More than one entrepreneur has suddenly had a brainwave for a new business idea whilst sitting in the pub, talking to friends, or waiting in the morning commute. Often, the most surprising and creative ideas come when people least expect it – but how do you translate your brainwave into a viable business plan? It’s one thing coming up with a grand scheme to revolutionise a market, create an entire paradigm shift, or launch a slightly better version of a competitor product, but how do you go from beermat diagram to fully functional and operable business plan?
The first step lies in thinking through your ideas more thoroughly. Test them by carrying out market research. Double check first whether your idea is already out there or not. If it is, don’t lose heart. Is it IP or copyright protected? Can you produce something slightly better, that overtakes the existing offer?

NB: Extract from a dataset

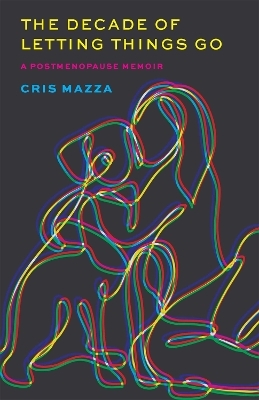 The The Decade of Letting Things Go - Cris Mazza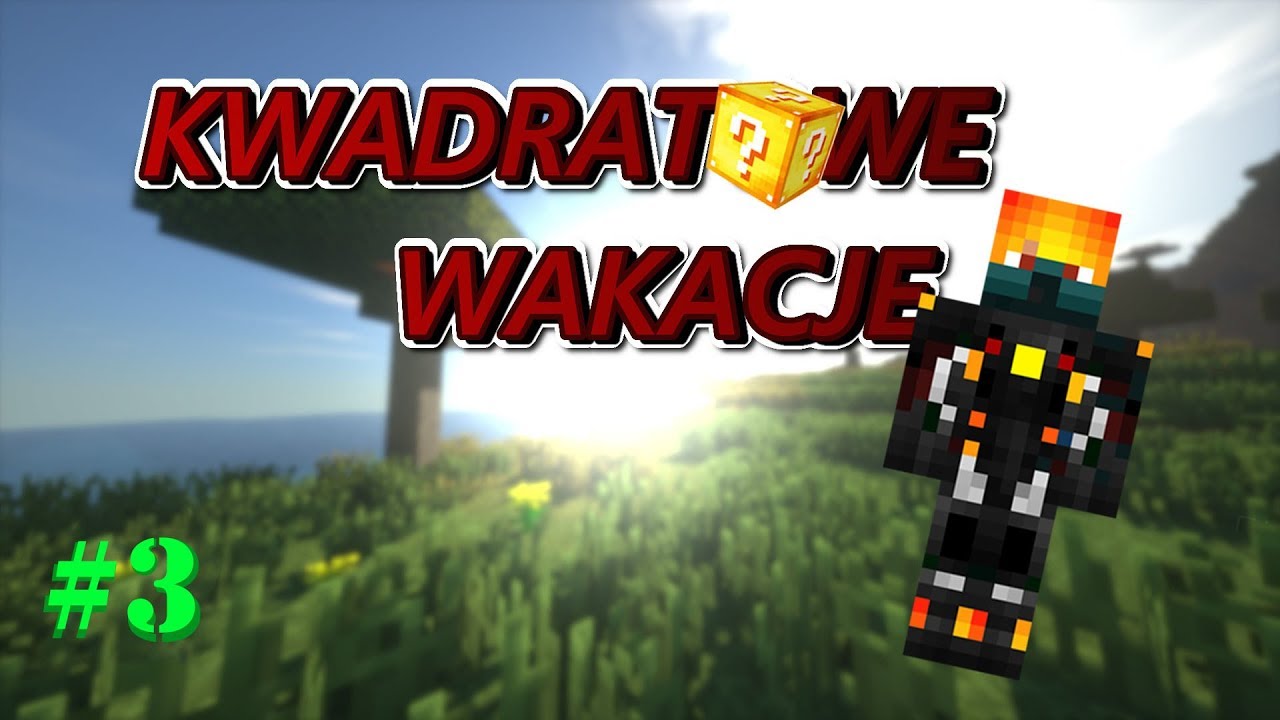 Idziem W Podziemia!!!-Kwadratowe Wakacje ||| SKERO Games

You’ll then need to think about how you would develop your product or service and launch it to the market. Would you work from home around an existing job? Would you leave and launch into your new venture, working with overseas suppliers? Would you look for an investor and team to help create a small company from which to develop and launch your idea? These are crucial questions – organisational set up, funding, structure and delivery are critical. You’ll need to consider finances particularly carefully; do you have money in your savings to use, assets to mortgage against, or are you going to apply for funding or investment? Look at grants available for small businesses and look into business angel investment schemes if so.
Consider how you’ll take your product or service to market. Will it require innovation, physical development premises, product development processes, market testing, large rollout budgets, customer education? Or can you launch it with minimal outlay through existing channels and promote it through word of mouth and social media? Key questions such as these will challenge your business plan and develop it. At all stages, test your thinking and back it up with evidence.
It can be very useful to work with a business consultant when developing a business plan. Of course, you will be inundated with ‘free’ advice when you’re attempting to develop your business idea, but it’s important that you work with someone experienced and qualified enough to steer you in the right direction. You can do this by engaging the services of a consultant to work with you on a project basis, although this may be expensive. Alternatively, if you contact your local public-private funded business support organisation (there are many of these local economic partnerships around the UK), they will be able to advise on other services that may be suitable for your needs.
Those who can give qualified help for new business will include business angels for investment and guidance, mentoring for accessing the guidance of more experienced business people and coaching for people who need developing to a desired goal. Business advisors will also be able to give you guidance on services that might be of use, such as sales training, strategy planning courses, business to business networking events, coaching groups and more.